9th Chief Justice of South Africa
- In office 1943–1950
- Preceded by: Nicolaas Jacobus de Wet
- Succeeded by: Albert van der Sandt Centlivres

Judge of the Appellate Division
- In office 1937–1942

Judge of the Cape Provincial Division of the Supreme Court of South Africa
- In office 1922–1937

Personal details
- Born: 12 October 1880 Graaff-Reinet, Cape Colony (now Eastern Cape, South Africa)
- Died: 18 January 1958 (aged 77) Hermanus, Cape Province, Union of South Africa
- Children: Jack Watermeyer
- Alma mater: University of Cambridge
- Occupation: Lawyer and judge
- Profession: Barrister

= Ernest Frederick Watermeyer =

Ernest Frederick Watermeyer (12 October 1880 – 18 January 1958) was the Chief Justice of South Africa from 1943 to 1950.

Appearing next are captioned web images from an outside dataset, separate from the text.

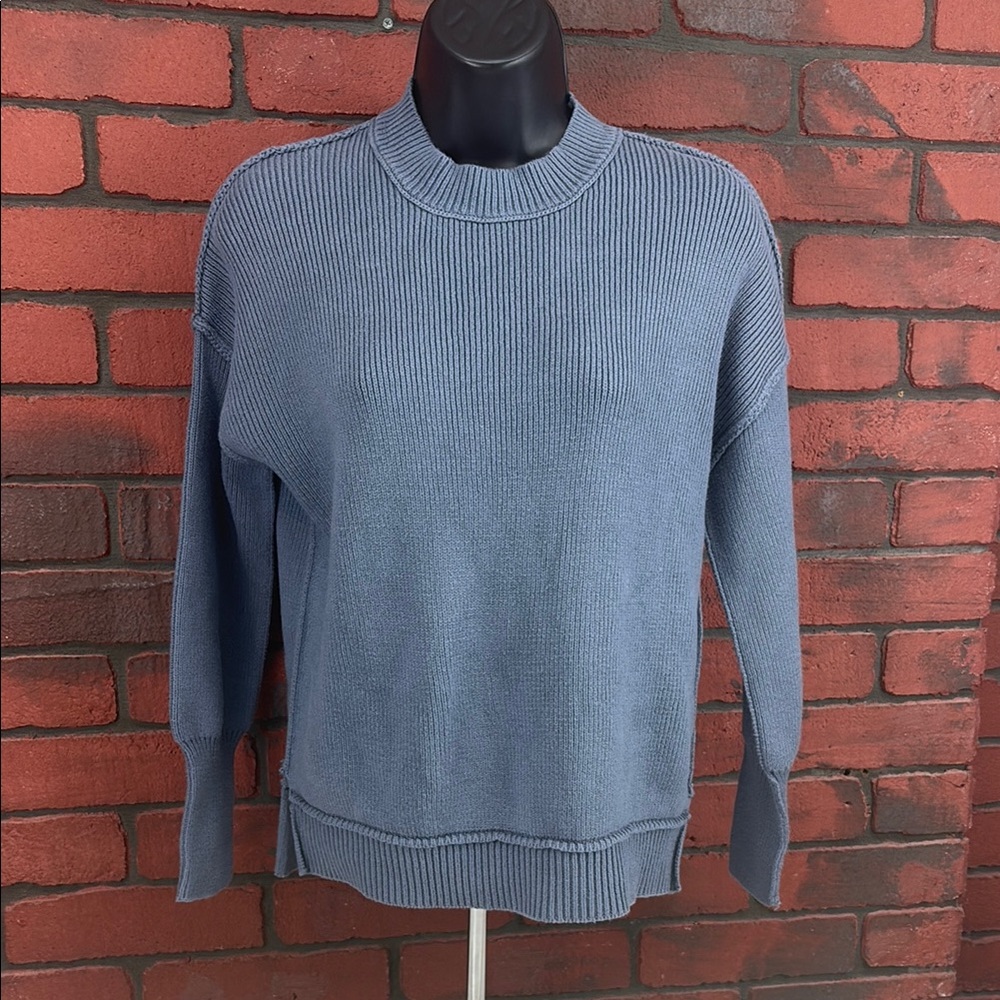 Moon Madison Sweater Womans XL Blue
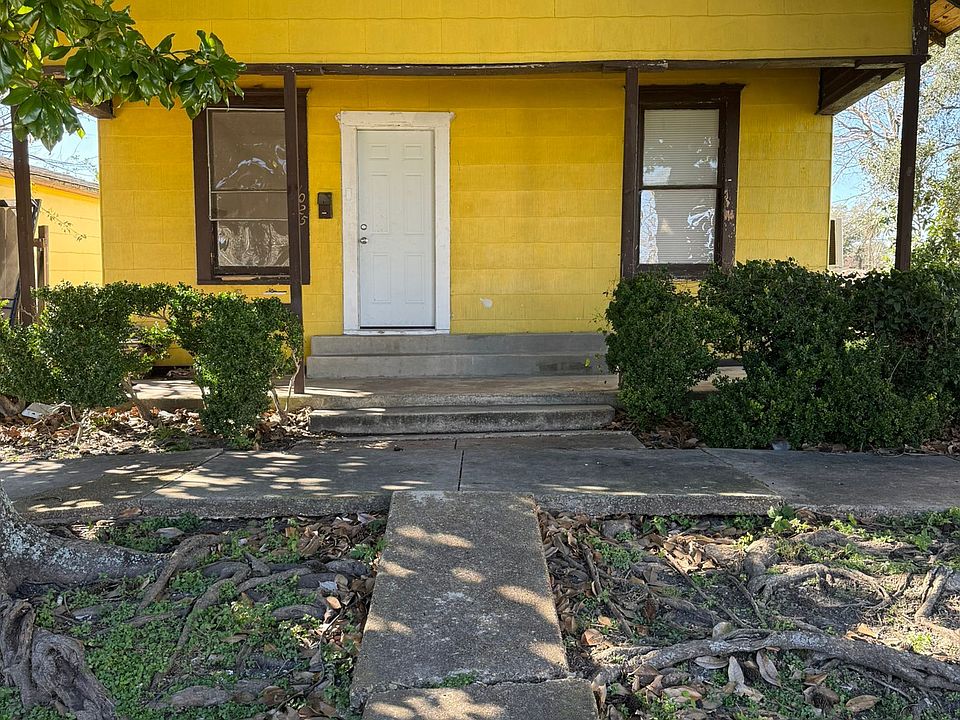 1st image of 1025 Lake Charles Ave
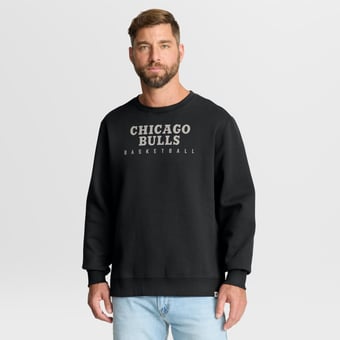Men's Fanatics Black Chicago Bulls Crossover Collection Defensive Rotation Drill Premium Pullover Sweatshirt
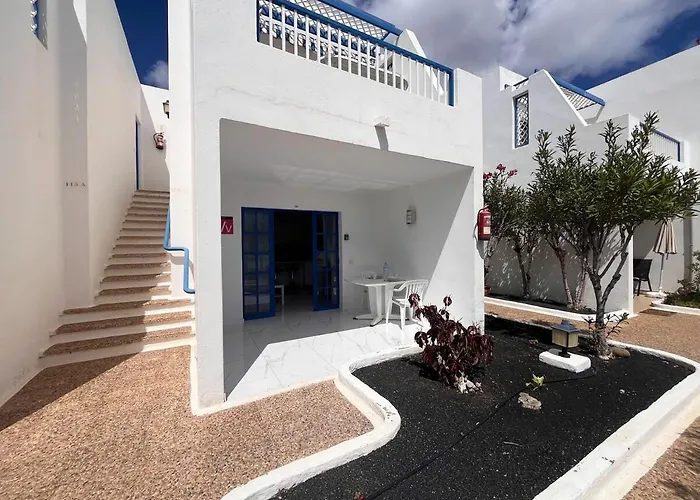 Mariposa - 1 Bedroom Poolside Апартаменты *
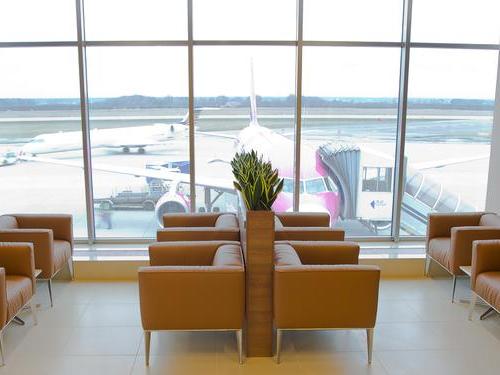 Business Lounge, Terminal B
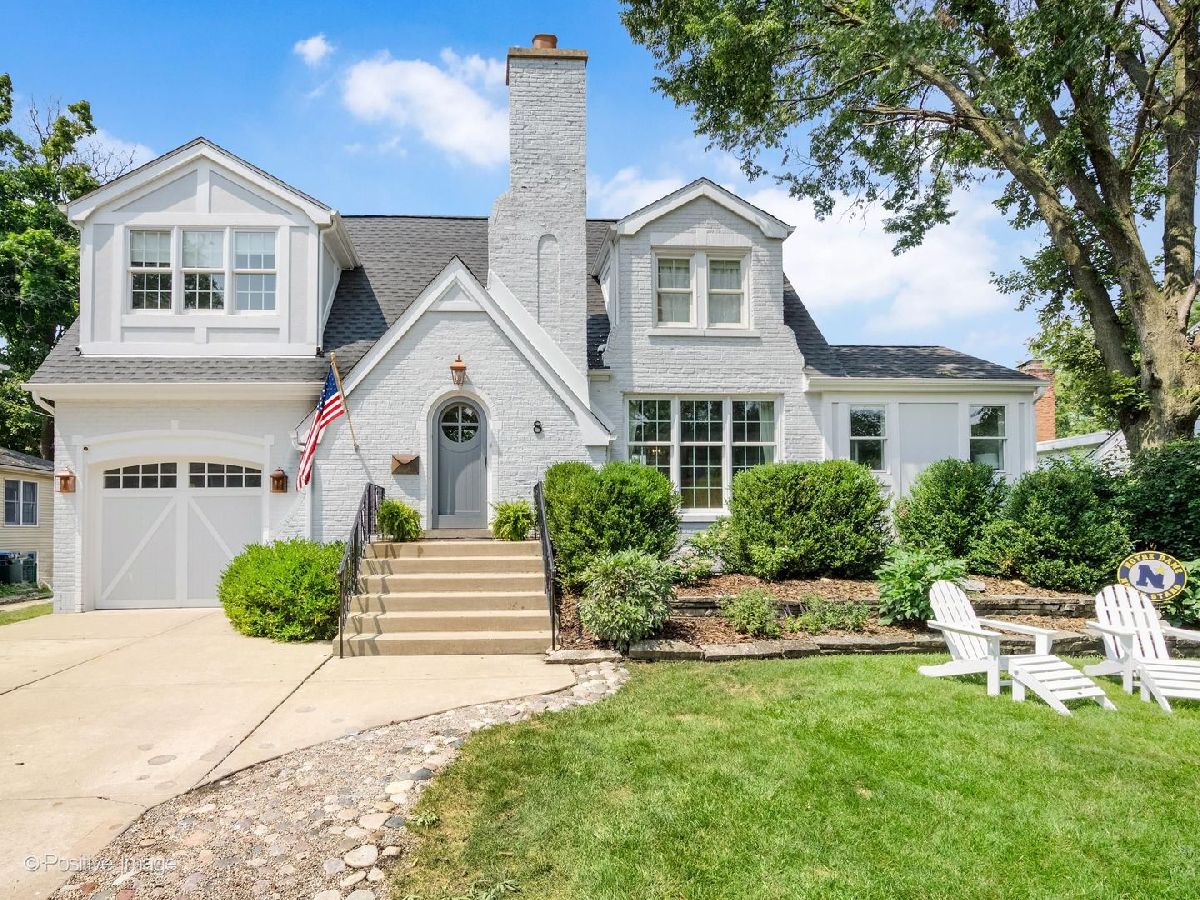 For Sale Clarendon Hills Illinois, 8 Mohawk Drive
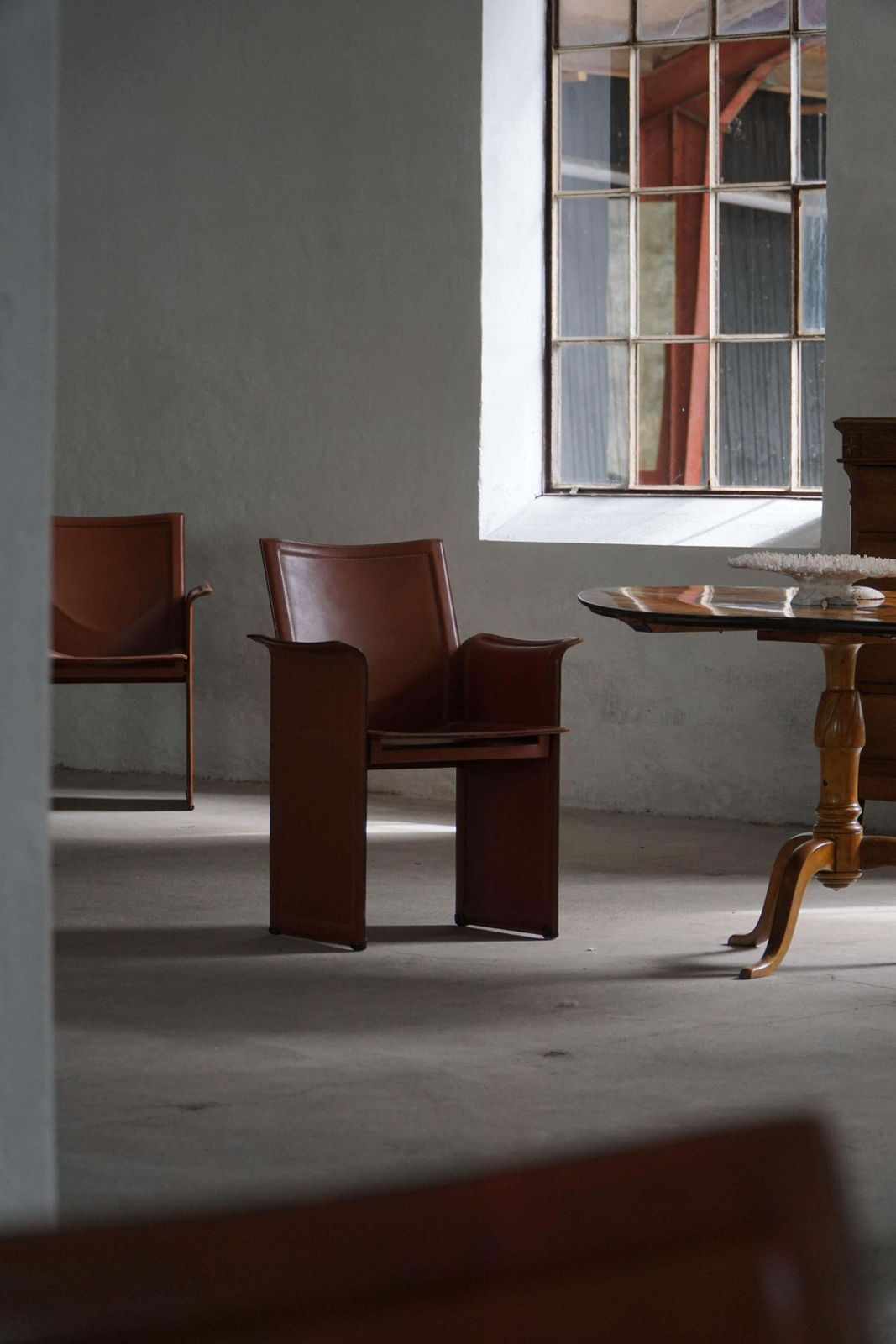 Set Of 4 Armchairs In Brown/Red Leather, Tito Agnoli, Italian Modern, 1970s photo Furniture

Watermeyer was born in Graaff-Reinet in 1880. He was educated at Stellenbosch Gymnasium, Bath College and Gonville and Caius College, Cambridge, where he read mathematics, then Law.

He was called to the bar in England by the Inner Temple in 1904, and admitted to the Cape bar in 1905. He became a King's Counsel in 1921. From 1922 to 1937, he was a judge of the Cape Provincial Division of the Supreme Court of South Africa. In 1937, he was promoted to the Supreme Court's Appellate Division.

In 1943, he was appointed Chief Justice of South Africa and was sworn of the Privy Council the same year, the last Chief Justice of South Africa to be made a Privy Counsellor. He served as Officer Administering the Government of the Union of South Africa in 1950, and retired the same year.